◆ **Extracted information**:
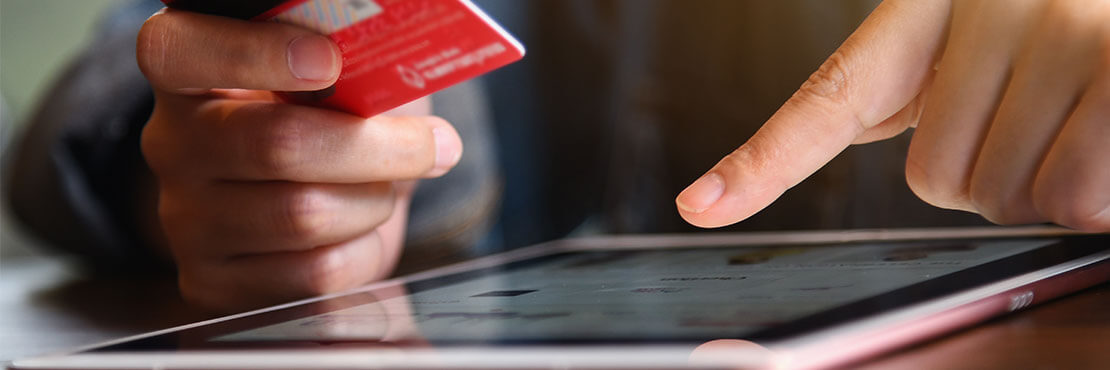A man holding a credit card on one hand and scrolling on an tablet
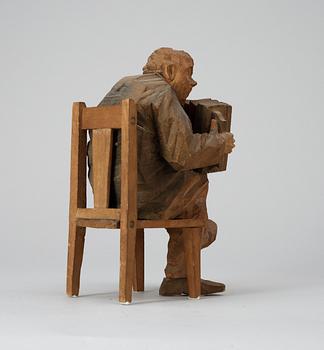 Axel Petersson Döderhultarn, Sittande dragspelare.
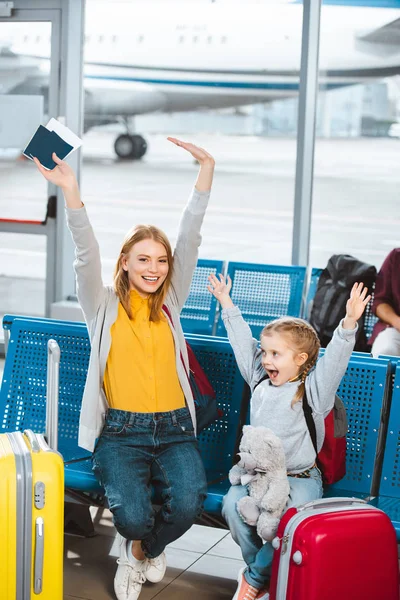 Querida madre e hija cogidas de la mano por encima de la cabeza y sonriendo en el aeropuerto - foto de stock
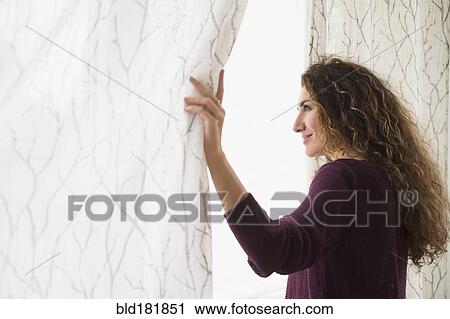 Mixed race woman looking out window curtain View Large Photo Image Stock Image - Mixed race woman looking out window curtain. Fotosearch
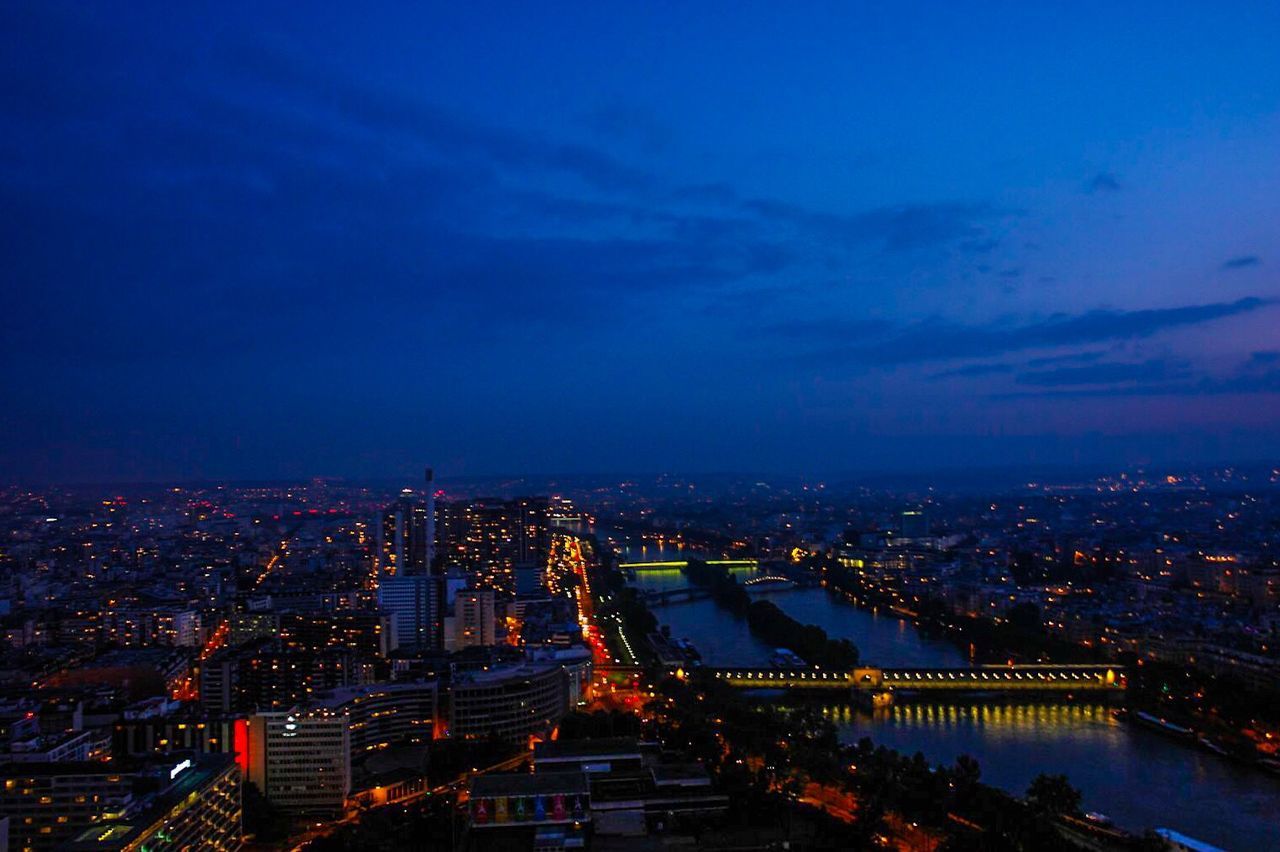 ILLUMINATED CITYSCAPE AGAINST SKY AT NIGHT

◆ **Your instructions**:
Reproduce the data above line for line, from its first line through the line containing "Mixed race woman looking out window curtain View", both ends included, with the pictures omitted and nothing more.

◆ **Reply**:
A man holding a credit card on one hand and scrolling on an tablet
 Axel Petersson Döderhultarn, Sittande dragspelare.
 Querida madre e hija cogidas de la mano por encima de la cabeza y sonriendo en el aeropuerto - foto de stock
 Mixed race woman looking out window curtain View Large Photo Image Stock Image - Mixed race woman looking out window curtain. Fotosearch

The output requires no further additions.